Lateral growth of coral reefs is due to high rates of calcification on the fore reef that generate a constant supply of CaCO₃ material, which is eventually broken down and transported reefward in the direction of the prevailing wind, waves and currents^{19, 20} (Fig. 2). This transported CaCO₃ is then subjected to further breakdown processes, leading to the formation of shallow reef habitats (for example, reef flats and lagoons) as sediment accumulates during times of stationary or low sea-level rise (SLR)^{21, 22}. Besides production via the breakdown and transport of the coral reef framework, sediment can also be formed directly through infaunal CaCO₃ production by organisms such as foraminifera, coralline algae and molluscs^{23, 24}. Once produced, this sediment can be stored within the coral reef ecosystem, lost through dissolution or transported offshore, where it either accumulates as sand banks or beach faces, or is deposited in the deep sea^{7, 25}. Within reef flats and lagoons, sediment can be focused by currents and wave patterns, leading to the formation of low-lying land structures called sand or coral cays²⁶. Therefore, it is important to address how OA will affect all processes (for example, CaCO₃ production, dissolution (including bioerosion) and transport) that lead to the formation of reef habitat, both below and above the high tide mark.

Global production and accumulation values assume a global reef area of 0.6 × 10⁶ km² and all values are in ×10⁹ t CaCO₃ yr⁻¹. A previous study³¹ estimated that loss due to dissolution and offshore transport combined was ~20% of production (0.2 × 10⁹ t CaCO₃ yr⁻¹); however, measured values were not used to constrain this estimate. When the range of conservative net daily CaCO₃ dissolution rates for sediments (0.09–0.50 kg m⁻² yr⁻¹; Table 1) are extrapolated to the global reef area (0.05 × 10⁹–3.0 × 10⁹ t CaCO₃ yr⁻¹) they could account for up to 167% of the total loss term estimated by this previous study³¹. Values for offshore transport were estimated based on the difference between the loss term estimated in ref. 31 and the conservative dissolution rates. Photo by Christian Wild; adapted with permission from ref. 65, © 2008 by the Association for the Sciences of Limnology and Oceanography, Inc.

Studies investigating the calcification responses of whole coral reef communities to OA have generally shown a much stronger response and sensitivity to changes in the aragonite saturation state (Ω_Ar) than studies of individual organisms (see, for example, refs 6,37,38). On average, community calcification is predicted to decrease by 60% per unit decrease in Ω_Ar, but estimates range from 10 to >100%, that is, net dissolution^{39, 40}. The greater sensitivity is most likely the result of the combined effect of decreasing organism calcification rates and increasing CaCO₃ dissolution rates in sediments and microenvironments^{10, 38}. Evidence of net CaCO₃ dissolution is commonly observed at night in the water column in many coral reef environments^{40, 41, 42} and at any time in carbonate sediment pore waters owing to the metabolic processes driving dissolution^{43, 44}.
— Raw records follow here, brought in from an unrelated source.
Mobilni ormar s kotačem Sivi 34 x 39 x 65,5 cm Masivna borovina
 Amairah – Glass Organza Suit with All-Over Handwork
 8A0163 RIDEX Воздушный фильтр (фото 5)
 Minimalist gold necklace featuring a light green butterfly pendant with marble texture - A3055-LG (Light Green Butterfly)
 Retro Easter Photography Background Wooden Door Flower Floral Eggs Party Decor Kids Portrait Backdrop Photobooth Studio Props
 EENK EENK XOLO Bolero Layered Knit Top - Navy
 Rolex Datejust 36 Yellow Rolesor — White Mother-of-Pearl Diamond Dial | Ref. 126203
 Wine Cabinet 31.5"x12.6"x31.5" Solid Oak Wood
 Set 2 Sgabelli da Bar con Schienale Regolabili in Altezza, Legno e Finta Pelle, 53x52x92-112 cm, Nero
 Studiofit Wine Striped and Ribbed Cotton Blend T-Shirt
Mesocosm or enclosure experiments, the Biosphere II artificial reef community and measurements from natural coral reef environments have all shown that CaCO₃ dissolution will increase in response to rising seawater CO₂ and decreasing pH and Ω_Ar (for example, refs 6,38,39,40,45). Some of these results suggest that the process of CaCO₃ dissolution could be an order of magnitude more sensitive to OA than calcification in individual organisms³⁸, but despite this observation, few studies have attempted to quantify the relative contributions of these processes. This is partly due to the fact that our present measurement techniques only measure the net effect of these processes, and thus, it is challenging to quantify gross calcification and dissolution. Nevertheless, separation in time (for example, night net dissolution) and space (most dissolution probably occurs in the sediments) provide initial constraints and a conservative estimate of gross CaCO₃ dissolution rates^{40, 44}.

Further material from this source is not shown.